HTTP/1.0 200 OK Content-Type: text/html Few State Prisoners Freed Under Eased Drug Law
Pubdate: Thu, 15 Dec 2005
Source: New York Times (NY)
Copyright: 2005 The New York Times Company
Contact:  http://www.nytimes.com/
Details: http://www.mapinc.org/media/298
Author: Leslie Eaton
Bookmark: http://www.mapinc.org/find?199 (Mandatory Minimum Sentencing)
Bookmark: http://www.mapinc.org/find?140 (Rockefeller Drug Laws)

FEW STATE PRISONERS FREED UNDER EASED DRUG LAW

When Gov.

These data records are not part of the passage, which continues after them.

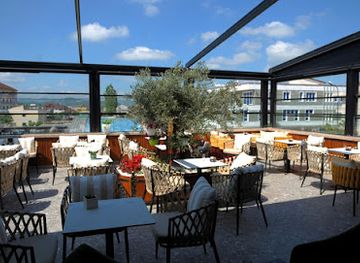 albania/tirana/grand-park/bar/white-bar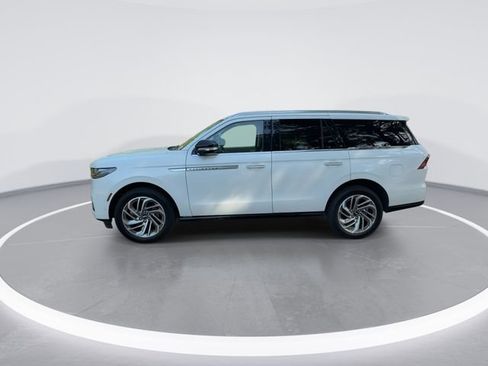 New 2025 Lincoln Navigator Reserve AWD/4WD image 5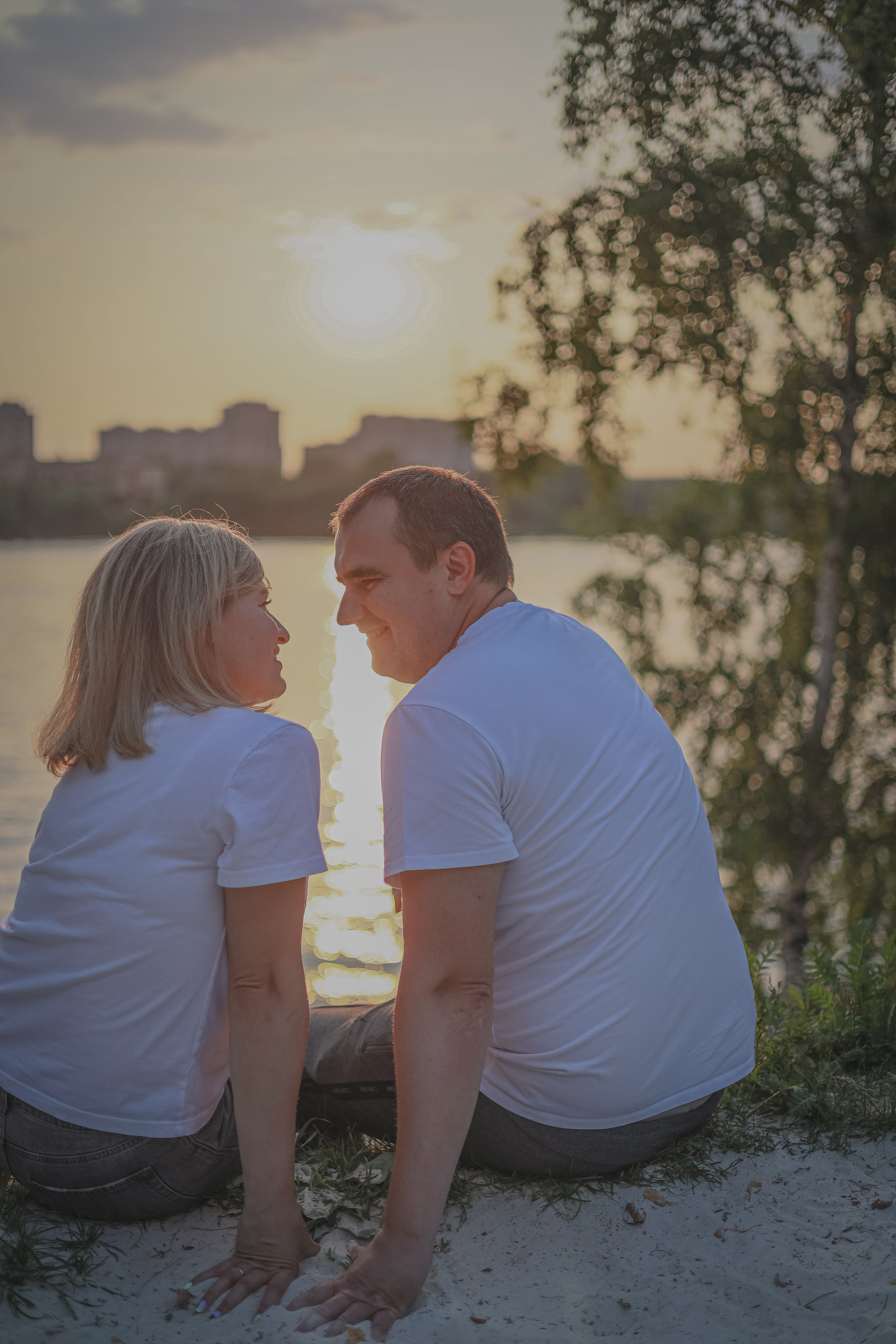 Family photo session in the sunset lights. Family, portrait, content photo in Costa Rica Evgeniya Besprozvannykh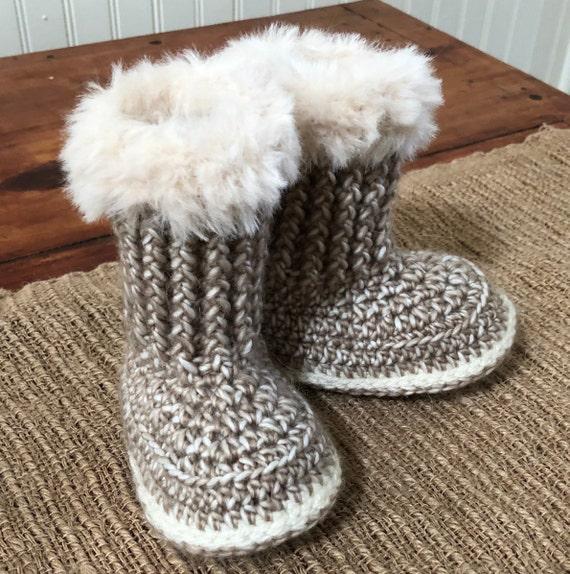 Warme wollweiße und graue gehäkelte Babyschuhe mit hohem Schaft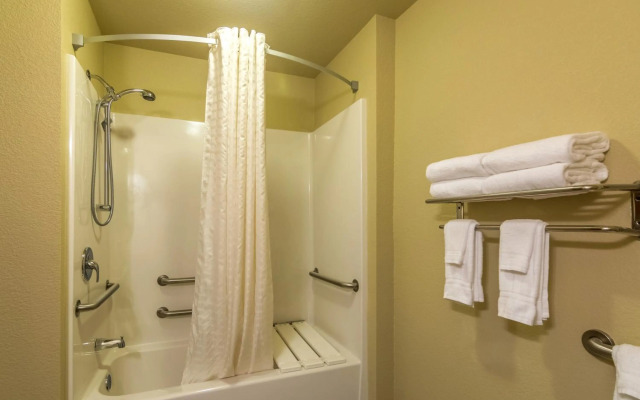 Cobblestone Inn & Suites - Lakin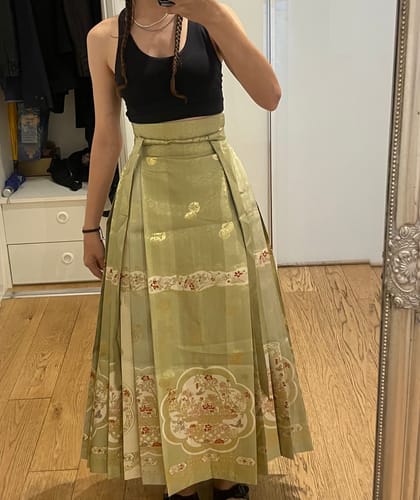 Customer photo review of Paradise 天堂 Modernized Ming Dynasty Yuanling Changshan Mamian Spring Aoqun Set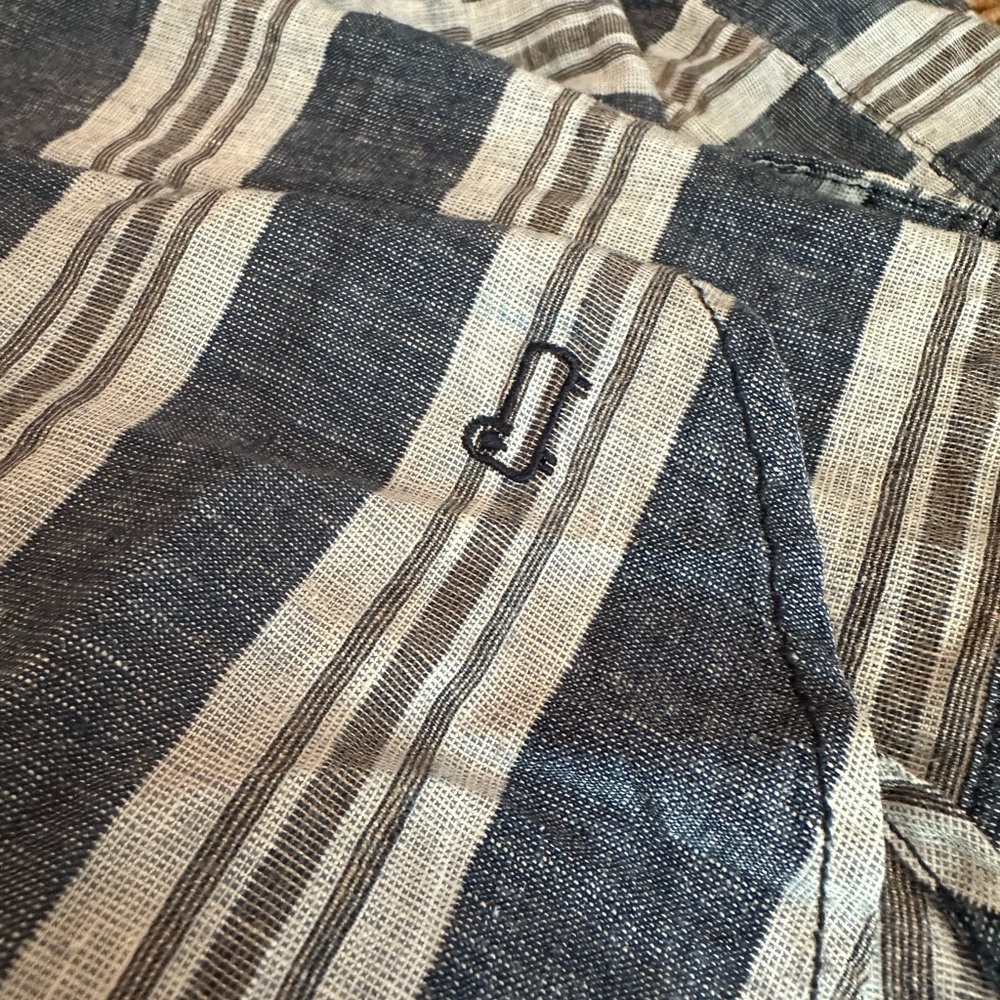 Men’s Woolrich Navy and White Striped linen hoodie
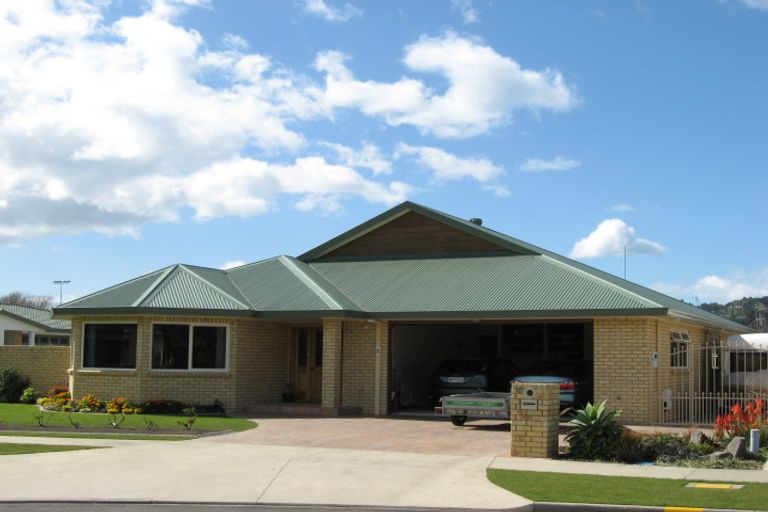 Photo of property in 16 Werahika Place, Whakatane, 3120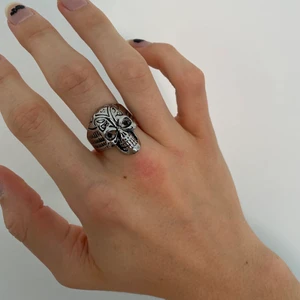 Dödskallering  - Fett cool dödskallering, nyskick. Inte äkta silver eller stål. Passar ifall man har lite tjockare fingrar. Frakt tillkommer 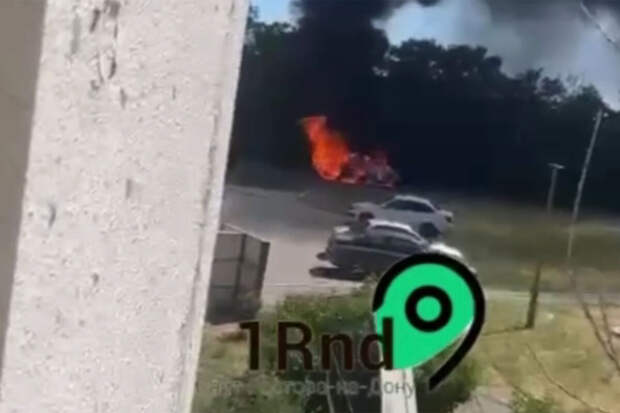 Появилось видео, как автомобиль начальника военной части горит под Ростовом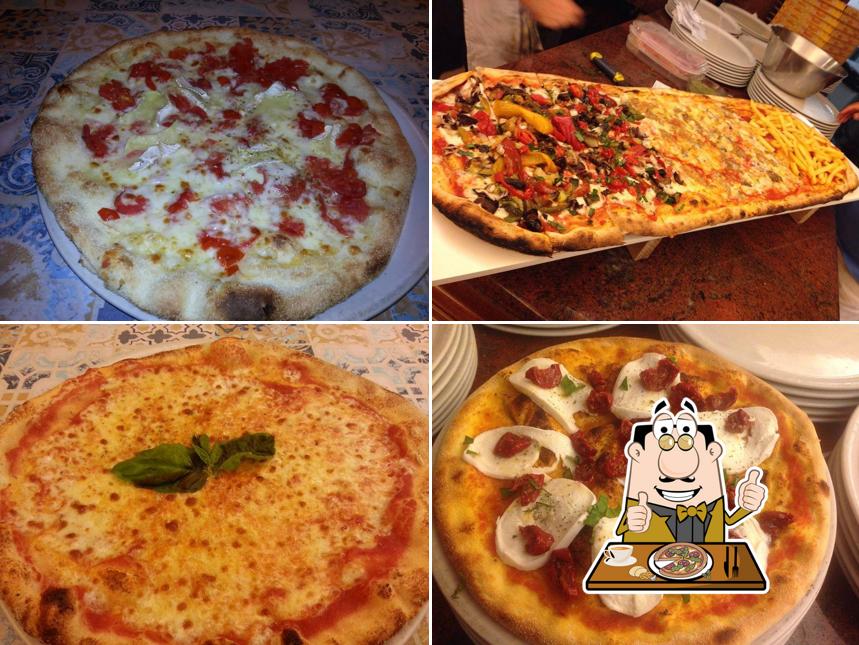 Prenditi una pizza a Ristorante Pizzeria al Cervo D'Oro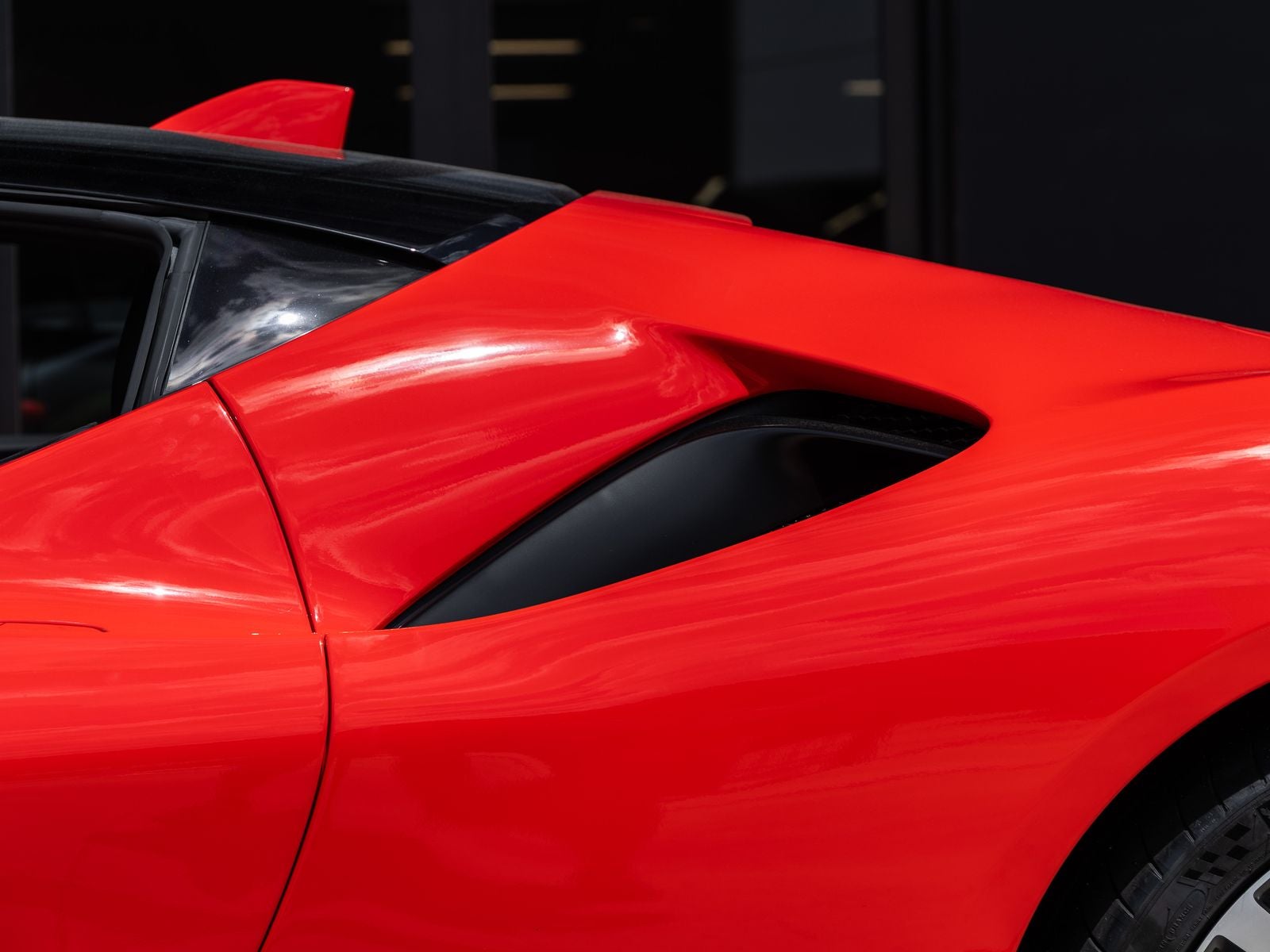 2021 Ferrari SF90 Stradale Base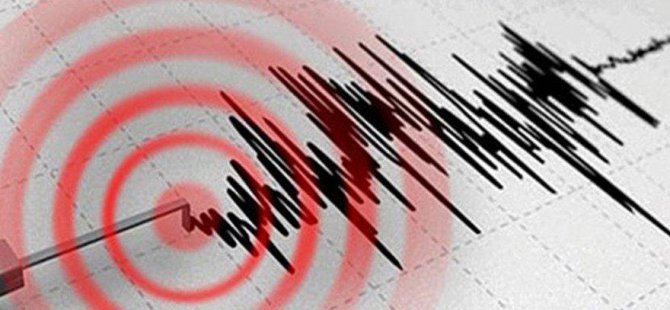 Korkutan deprem! Vatandaşlar sokağa döküldü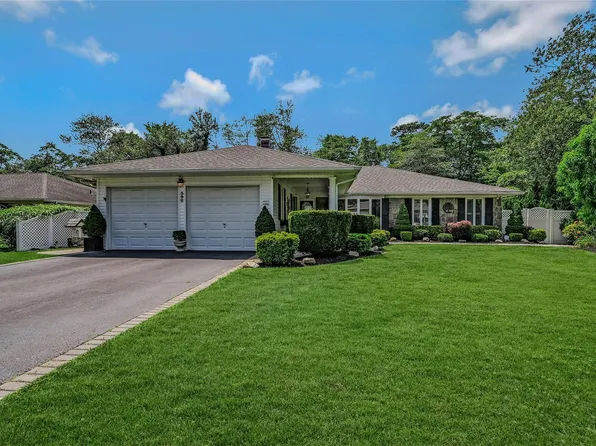 396 Astor Drive, Sayville, NY 11782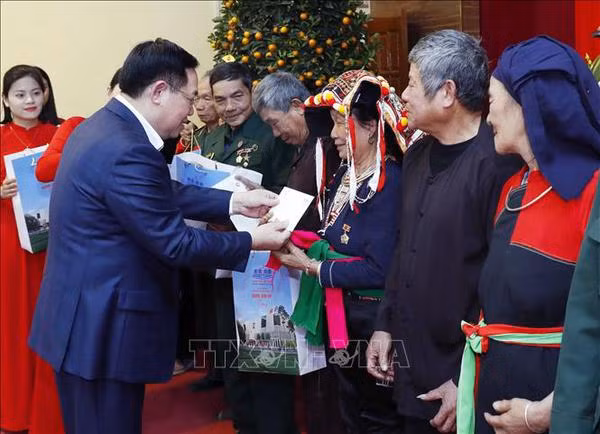 Le président de l’AN Vuong Dinh Huê visite le régiment 921 de l’armée de l’air ảnh 1
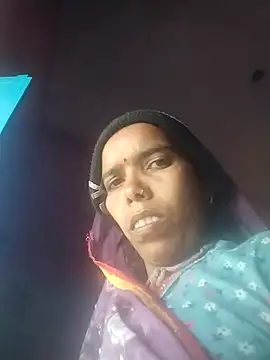 Snapshot of Chetna_sharma chatting on January 13, 2026, 5:24 am Chetna sharma online show from January 13, 2026, 5:24 am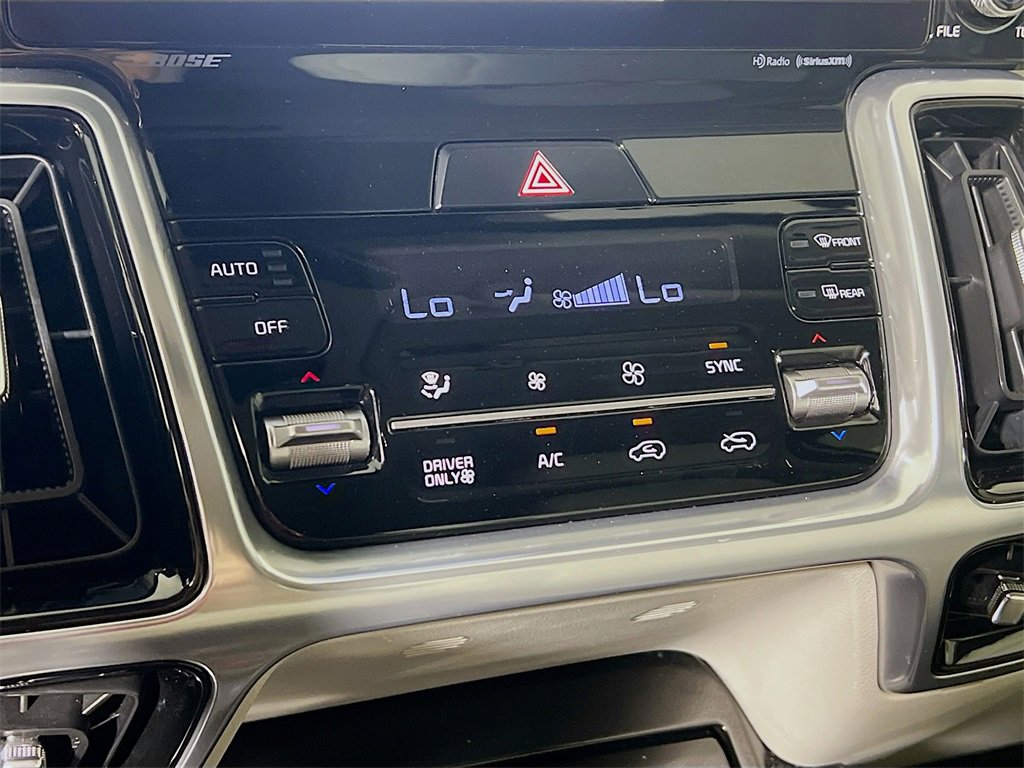 Used 2023 Kia Sorento SX Prestige image 16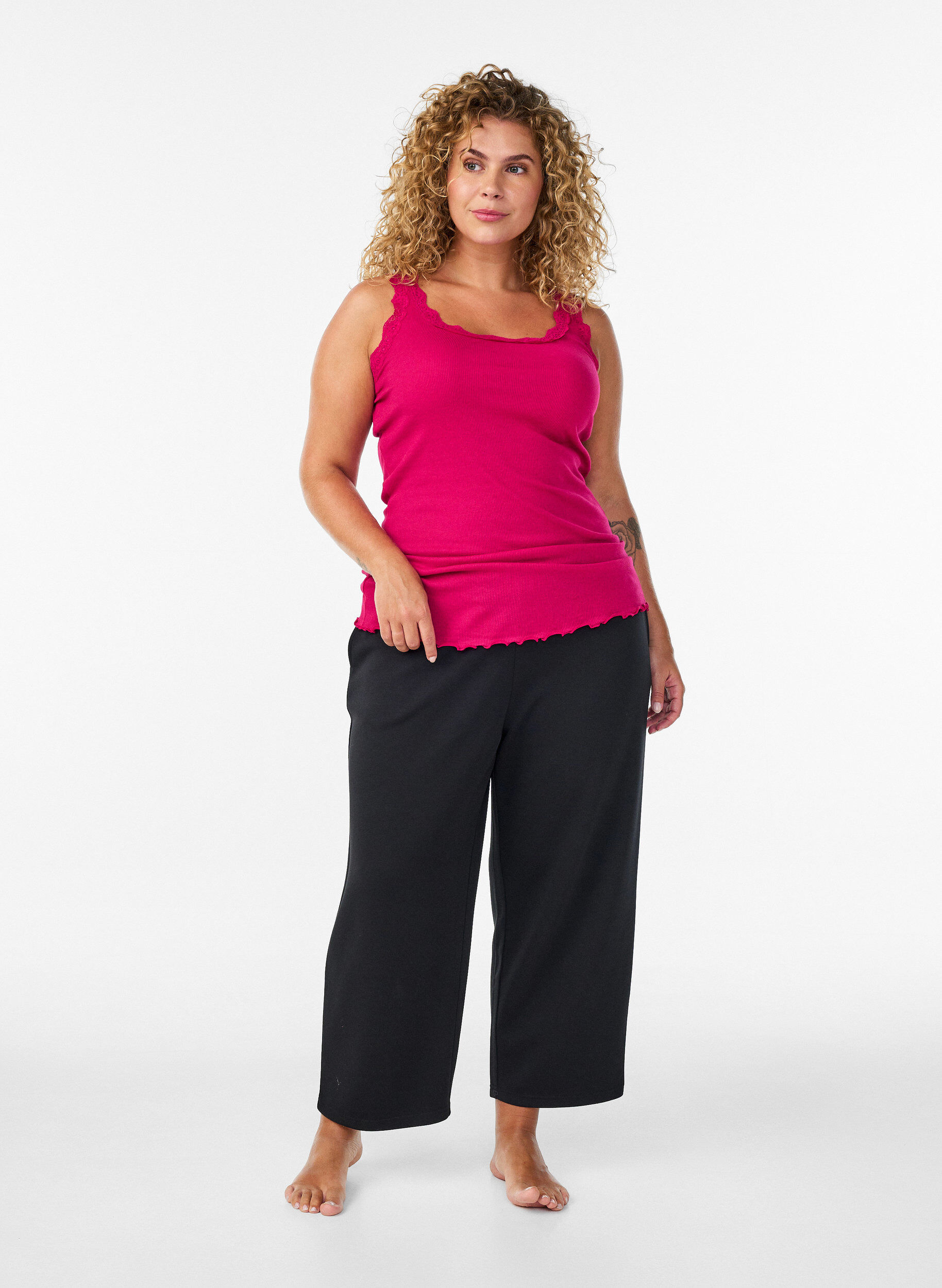 ZizziTopp med blondekant, Rosa, Model image number 1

George E. Pataki signed a law a year ago reducing what he
called "unduly long sentences" for drug crimes, he predicted that
hundreds of nonviolent drug offenders would be released from prison.

But so far, only 142 prisoners - about 30 percent of those originally
eligible for new sentences under the revised law - have been freed,
according to a report released yesterday by the Legal Aid Society.

The new law "has not resulted in a whole heck of a lot in terms of
real impact on folks who were serving long sentences," said Gabriel
Sayegh, a policy analyst for the Drug Policy Alliance, which supports
further changes in the drug laws and organized a news conference to
publicize the Legal Aid report.

The new sentencing provisions were the most widely heralded aspect of
the Drug Law Reform Act of 2004, which changed the mandatory
sentencing laws imposed in 1973 when Nelson Rockefeller was governor.

Those laws had been criticized for requiring judges to impose a
sentence of 15 years to life on anyone convicted of selling two ounces
or possessing four ounces of narcotics, whether they were drug lords
or low-level couriers.

The new law increased the amount of drugs that trigger long sentences,
and reduced those sentences to 8 to 20 years. And it allowed prisoners
serving the longest prison terms to ask to be resentenced under the
new standards.

The Pataki administration believes the drug law reforms are working as
they were intended to, said Chauncey G. Parker, the governor's
director of criminal justice.

The goal was not to win release for all of the long-term prisoners,
known as A-1 felons, he said. "Our goal was to give 100 percent of the
A-1's the opportunity to be resentenced," and to adjust the sentences
to fit the seriousness of their crimes.

A major reason that relatively few prisoners have been released is
that district attorneys are still opposing resentencing requests and,
in some cases, asking judges to impose long prison terms, said William
Gibney, a senior attorney for Legal Aid who wrote the report.